Vegan organic gardening
From Wikipedia, the free encyclopedia
Vegan organic gardening, aims to produce organically grown foods and other crops whilst minimising (preferably eradicating) the exploitation of, or causing of harm to, any living creature. It is therefore a method of farming that excludes the use of animal products or byproducts. Vegan organic farming is similar to organic horticulture but does not allow the use of materials such as blood, fish and bone meal, feces, or other animal manures because the production of these is viewed as either harming animals directly, or is associated with the use of animals for meat, milk or leisure activities.

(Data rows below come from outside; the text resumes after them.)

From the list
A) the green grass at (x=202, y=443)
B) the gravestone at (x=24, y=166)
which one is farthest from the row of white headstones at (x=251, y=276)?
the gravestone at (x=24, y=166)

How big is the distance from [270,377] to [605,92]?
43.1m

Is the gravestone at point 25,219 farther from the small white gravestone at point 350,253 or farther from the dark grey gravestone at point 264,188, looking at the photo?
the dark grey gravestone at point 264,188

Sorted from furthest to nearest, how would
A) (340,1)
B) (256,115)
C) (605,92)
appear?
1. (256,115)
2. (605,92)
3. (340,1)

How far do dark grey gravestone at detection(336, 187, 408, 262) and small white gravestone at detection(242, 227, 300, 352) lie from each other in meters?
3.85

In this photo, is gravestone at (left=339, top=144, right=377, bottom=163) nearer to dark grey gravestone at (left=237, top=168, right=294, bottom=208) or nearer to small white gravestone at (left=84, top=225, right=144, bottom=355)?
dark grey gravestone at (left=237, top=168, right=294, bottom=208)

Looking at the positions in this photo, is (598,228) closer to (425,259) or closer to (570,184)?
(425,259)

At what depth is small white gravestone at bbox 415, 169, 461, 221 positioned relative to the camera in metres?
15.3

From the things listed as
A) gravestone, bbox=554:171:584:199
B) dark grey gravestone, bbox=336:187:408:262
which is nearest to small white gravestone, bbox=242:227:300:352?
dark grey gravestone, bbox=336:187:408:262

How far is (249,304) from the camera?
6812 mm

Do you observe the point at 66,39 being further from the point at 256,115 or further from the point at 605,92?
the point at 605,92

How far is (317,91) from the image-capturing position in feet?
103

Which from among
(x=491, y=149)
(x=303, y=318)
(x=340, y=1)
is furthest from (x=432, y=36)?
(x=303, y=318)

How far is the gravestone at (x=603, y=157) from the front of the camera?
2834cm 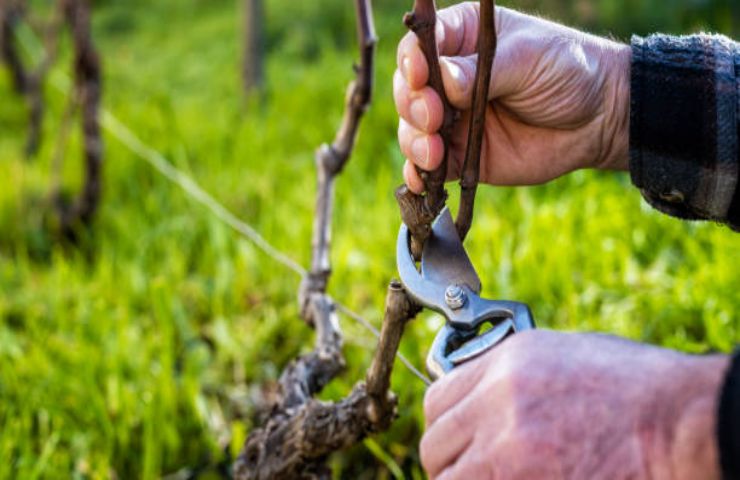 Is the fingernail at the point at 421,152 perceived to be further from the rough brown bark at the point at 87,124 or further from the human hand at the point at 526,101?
the rough brown bark at the point at 87,124

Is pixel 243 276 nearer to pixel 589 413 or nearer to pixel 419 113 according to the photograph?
pixel 419 113

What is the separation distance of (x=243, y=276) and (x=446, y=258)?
51.3 inches

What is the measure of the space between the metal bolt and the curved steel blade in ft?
0.16

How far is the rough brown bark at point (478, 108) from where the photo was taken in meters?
0.94

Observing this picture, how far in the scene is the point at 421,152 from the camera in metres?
1.07

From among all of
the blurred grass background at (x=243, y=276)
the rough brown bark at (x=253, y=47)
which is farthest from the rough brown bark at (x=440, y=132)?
the rough brown bark at (x=253, y=47)

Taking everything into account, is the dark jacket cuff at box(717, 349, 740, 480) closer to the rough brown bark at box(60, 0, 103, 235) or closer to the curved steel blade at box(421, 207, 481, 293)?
the curved steel blade at box(421, 207, 481, 293)

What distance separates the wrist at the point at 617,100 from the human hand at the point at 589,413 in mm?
546

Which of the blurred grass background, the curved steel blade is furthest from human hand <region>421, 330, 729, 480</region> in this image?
the blurred grass background

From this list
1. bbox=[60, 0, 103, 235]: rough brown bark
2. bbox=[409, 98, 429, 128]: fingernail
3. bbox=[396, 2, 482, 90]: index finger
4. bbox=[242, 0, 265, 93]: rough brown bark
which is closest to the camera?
bbox=[409, 98, 429, 128]: fingernail

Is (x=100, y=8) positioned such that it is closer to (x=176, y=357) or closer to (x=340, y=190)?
(x=340, y=190)

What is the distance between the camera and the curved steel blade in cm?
106

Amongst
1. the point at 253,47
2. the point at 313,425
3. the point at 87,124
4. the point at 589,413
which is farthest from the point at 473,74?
the point at 253,47

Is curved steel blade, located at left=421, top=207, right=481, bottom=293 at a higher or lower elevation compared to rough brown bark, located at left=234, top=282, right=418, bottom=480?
higher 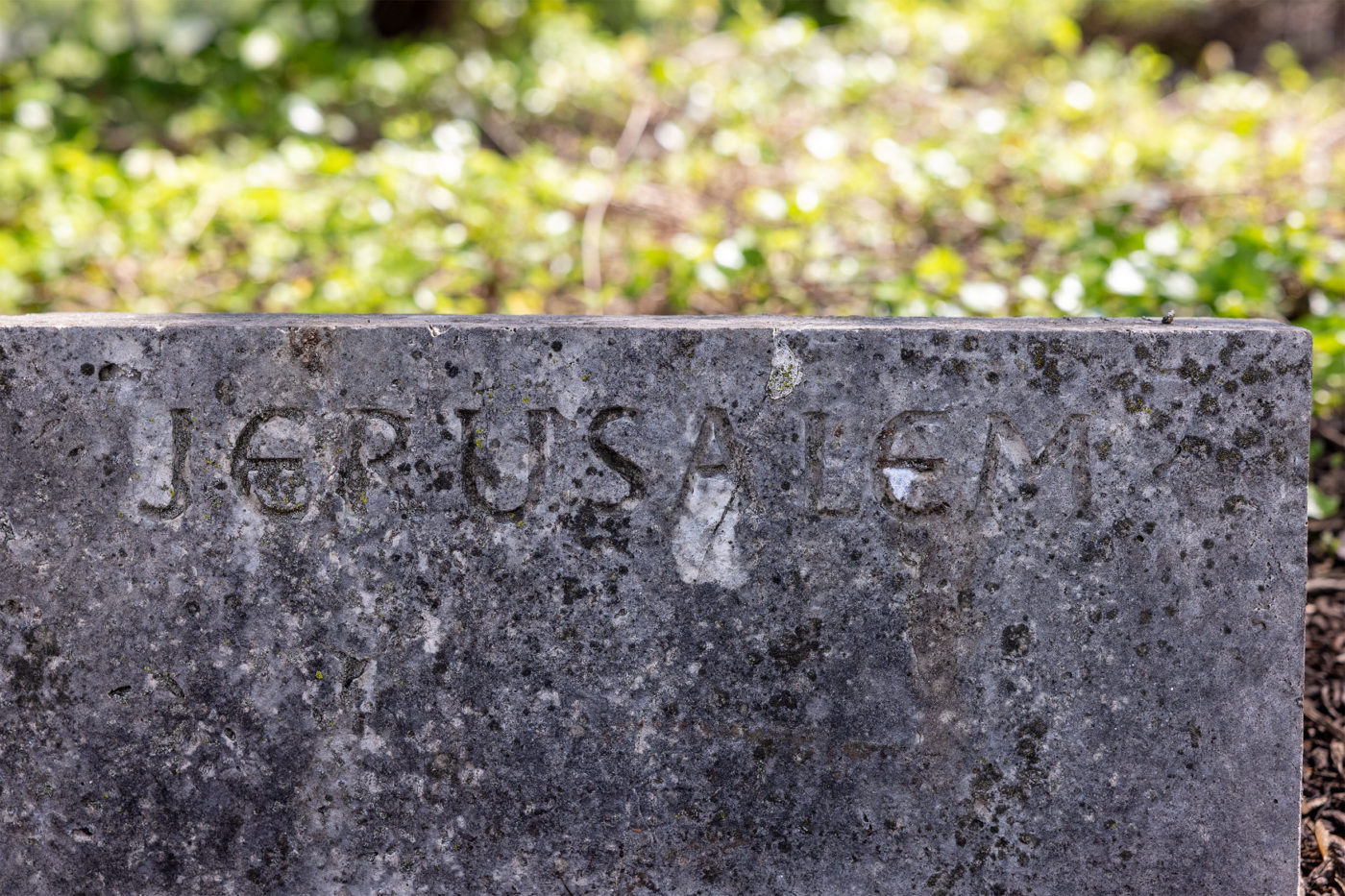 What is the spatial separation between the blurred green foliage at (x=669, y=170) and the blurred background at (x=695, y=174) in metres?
0.02

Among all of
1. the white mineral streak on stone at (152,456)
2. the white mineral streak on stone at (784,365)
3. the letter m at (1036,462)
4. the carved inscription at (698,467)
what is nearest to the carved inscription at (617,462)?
the carved inscription at (698,467)

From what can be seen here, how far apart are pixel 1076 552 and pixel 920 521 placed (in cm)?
25

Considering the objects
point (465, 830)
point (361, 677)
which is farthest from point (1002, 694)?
point (361, 677)

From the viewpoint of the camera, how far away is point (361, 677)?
1625mm

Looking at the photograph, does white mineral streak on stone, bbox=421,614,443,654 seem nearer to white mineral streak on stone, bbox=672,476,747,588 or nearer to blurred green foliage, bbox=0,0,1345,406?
white mineral streak on stone, bbox=672,476,747,588

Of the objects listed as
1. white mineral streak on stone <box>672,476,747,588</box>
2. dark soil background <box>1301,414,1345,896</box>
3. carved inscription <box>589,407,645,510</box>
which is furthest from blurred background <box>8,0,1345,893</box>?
carved inscription <box>589,407,645,510</box>

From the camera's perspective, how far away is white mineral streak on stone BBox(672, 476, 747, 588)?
161 cm

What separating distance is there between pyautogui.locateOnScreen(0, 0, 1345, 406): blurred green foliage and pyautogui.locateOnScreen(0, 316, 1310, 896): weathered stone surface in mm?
1375

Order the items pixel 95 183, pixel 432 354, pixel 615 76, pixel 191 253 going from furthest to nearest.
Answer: pixel 615 76, pixel 95 183, pixel 191 253, pixel 432 354

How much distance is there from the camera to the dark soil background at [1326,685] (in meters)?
1.89

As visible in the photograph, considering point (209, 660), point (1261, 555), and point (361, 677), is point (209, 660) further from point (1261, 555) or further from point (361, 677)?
point (1261, 555)

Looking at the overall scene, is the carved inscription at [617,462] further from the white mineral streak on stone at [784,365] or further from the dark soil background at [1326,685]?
the dark soil background at [1326,685]

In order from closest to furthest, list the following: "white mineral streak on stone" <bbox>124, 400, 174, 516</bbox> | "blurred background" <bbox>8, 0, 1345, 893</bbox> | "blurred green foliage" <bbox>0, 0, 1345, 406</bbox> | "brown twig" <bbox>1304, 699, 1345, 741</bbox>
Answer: "white mineral streak on stone" <bbox>124, 400, 174, 516</bbox> < "brown twig" <bbox>1304, 699, 1345, 741</bbox> < "blurred background" <bbox>8, 0, 1345, 893</bbox> < "blurred green foliage" <bbox>0, 0, 1345, 406</bbox>

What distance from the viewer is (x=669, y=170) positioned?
15.2 feet
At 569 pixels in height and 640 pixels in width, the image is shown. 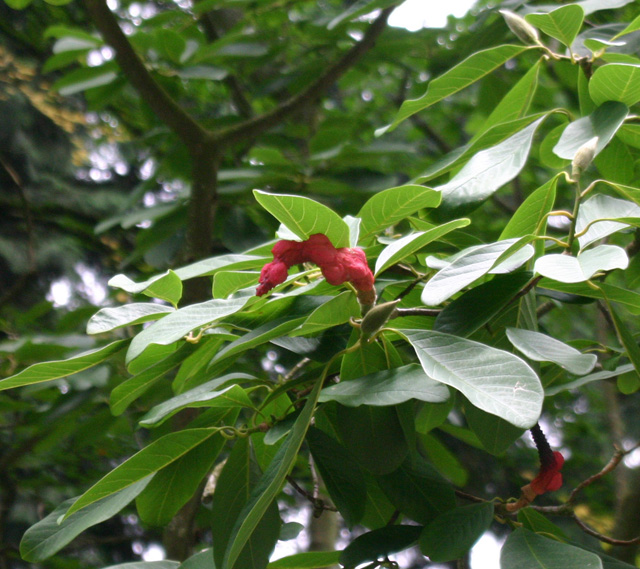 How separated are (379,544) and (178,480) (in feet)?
0.77

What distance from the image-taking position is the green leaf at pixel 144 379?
733mm

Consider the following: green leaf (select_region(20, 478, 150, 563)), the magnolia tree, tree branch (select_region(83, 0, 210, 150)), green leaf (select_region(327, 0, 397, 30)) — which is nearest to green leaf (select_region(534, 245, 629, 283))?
the magnolia tree

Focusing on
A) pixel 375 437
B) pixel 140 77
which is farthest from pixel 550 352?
pixel 140 77

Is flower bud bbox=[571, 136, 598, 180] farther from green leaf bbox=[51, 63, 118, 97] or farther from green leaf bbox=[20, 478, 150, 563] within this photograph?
green leaf bbox=[51, 63, 118, 97]

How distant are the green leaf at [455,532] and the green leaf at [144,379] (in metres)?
0.32

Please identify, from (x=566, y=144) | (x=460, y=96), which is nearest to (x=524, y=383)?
(x=566, y=144)

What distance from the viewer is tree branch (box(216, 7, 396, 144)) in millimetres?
1685

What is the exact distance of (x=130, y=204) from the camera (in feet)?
6.47

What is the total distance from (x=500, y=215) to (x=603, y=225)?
86.7 inches

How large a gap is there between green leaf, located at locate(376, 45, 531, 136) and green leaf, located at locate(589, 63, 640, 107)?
18 cm

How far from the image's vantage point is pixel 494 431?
681 millimetres

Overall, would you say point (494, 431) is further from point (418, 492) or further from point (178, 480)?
point (178, 480)

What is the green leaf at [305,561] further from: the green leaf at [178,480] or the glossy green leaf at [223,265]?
the glossy green leaf at [223,265]

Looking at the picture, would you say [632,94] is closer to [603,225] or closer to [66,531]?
[603,225] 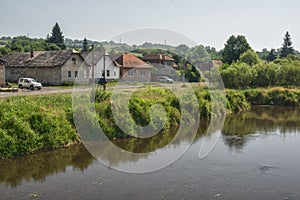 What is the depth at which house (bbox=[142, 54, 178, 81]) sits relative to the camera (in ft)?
121

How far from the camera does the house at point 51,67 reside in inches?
1400

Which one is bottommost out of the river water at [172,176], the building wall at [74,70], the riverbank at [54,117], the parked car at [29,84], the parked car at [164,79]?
the river water at [172,176]

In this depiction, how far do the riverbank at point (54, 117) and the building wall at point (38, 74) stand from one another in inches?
520

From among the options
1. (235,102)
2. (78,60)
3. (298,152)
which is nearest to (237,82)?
(235,102)

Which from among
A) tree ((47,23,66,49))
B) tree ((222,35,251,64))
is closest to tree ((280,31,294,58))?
tree ((222,35,251,64))

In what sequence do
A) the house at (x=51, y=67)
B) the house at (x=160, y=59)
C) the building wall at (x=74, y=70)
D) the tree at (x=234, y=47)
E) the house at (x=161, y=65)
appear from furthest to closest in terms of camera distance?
the tree at (x=234, y=47) → the house at (x=161, y=65) → the house at (x=160, y=59) → the building wall at (x=74, y=70) → the house at (x=51, y=67)

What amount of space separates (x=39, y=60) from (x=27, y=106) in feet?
69.4

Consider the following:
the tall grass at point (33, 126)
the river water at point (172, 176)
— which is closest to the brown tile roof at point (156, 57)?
the river water at point (172, 176)

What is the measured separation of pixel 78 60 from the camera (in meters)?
37.0

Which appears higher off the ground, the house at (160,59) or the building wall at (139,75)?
the house at (160,59)

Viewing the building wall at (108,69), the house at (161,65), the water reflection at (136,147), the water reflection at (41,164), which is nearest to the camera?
the water reflection at (41,164)

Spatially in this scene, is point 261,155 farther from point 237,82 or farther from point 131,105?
point 237,82

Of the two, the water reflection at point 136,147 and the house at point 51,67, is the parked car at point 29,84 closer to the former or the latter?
the house at point 51,67

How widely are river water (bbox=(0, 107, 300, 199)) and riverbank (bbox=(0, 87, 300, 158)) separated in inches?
21.9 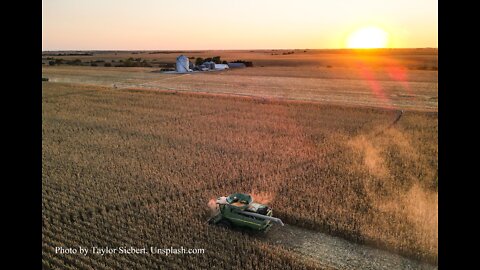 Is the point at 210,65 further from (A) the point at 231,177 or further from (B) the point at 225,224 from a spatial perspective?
(B) the point at 225,224

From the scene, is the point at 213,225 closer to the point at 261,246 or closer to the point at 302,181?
the point at 261,246

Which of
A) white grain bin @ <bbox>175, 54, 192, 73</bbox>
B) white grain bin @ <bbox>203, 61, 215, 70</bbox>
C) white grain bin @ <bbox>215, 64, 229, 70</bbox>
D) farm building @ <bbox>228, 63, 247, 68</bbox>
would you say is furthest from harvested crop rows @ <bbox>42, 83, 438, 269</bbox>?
farm building @ <bbox>228, 63, 247, 68</bbox>

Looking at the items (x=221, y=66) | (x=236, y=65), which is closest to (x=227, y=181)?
(x=221, y=66)

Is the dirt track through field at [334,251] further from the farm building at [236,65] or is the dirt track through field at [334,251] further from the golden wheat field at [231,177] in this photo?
the farm building at [236,65]

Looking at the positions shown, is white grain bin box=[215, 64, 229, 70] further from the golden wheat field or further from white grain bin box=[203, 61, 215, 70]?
the golden wheat field

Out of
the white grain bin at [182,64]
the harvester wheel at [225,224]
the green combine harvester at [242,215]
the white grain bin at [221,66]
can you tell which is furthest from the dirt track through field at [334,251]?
the white grain bin at [221,66] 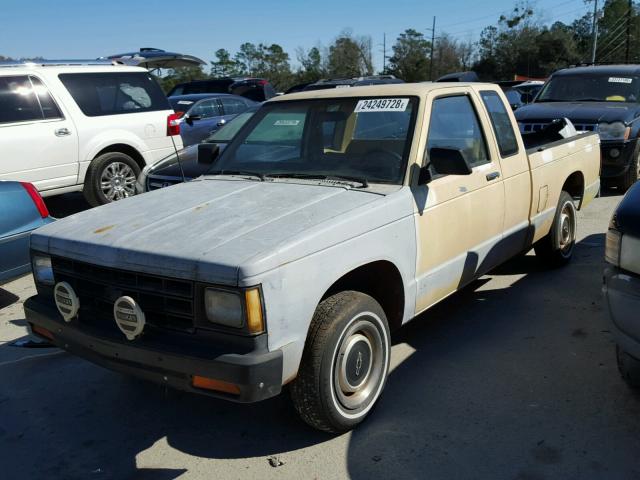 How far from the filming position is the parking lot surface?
3041 mm

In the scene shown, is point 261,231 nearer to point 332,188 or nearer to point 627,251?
point 332,188

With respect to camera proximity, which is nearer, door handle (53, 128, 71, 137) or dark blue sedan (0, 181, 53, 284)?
dark blue sedan (0, 181, 53, 284)

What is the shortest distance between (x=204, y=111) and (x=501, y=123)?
356 inches

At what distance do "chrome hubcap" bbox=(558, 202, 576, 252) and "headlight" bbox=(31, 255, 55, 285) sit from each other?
428cm

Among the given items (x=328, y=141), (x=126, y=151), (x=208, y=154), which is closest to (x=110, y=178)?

Soil fertility doesn't originate from animals; it comes from plants at the bottom of the food chain. When grass is filtered through a cow most of the nitrogen is lost in her urine. Instead, take the grass that would go to feed a cow and put it directly into your compost pile - you'll get the nitrogen you need in addition to other nutrients that aren't found in manure. Using the grass and other plant-based materials yields more organic matter than manure.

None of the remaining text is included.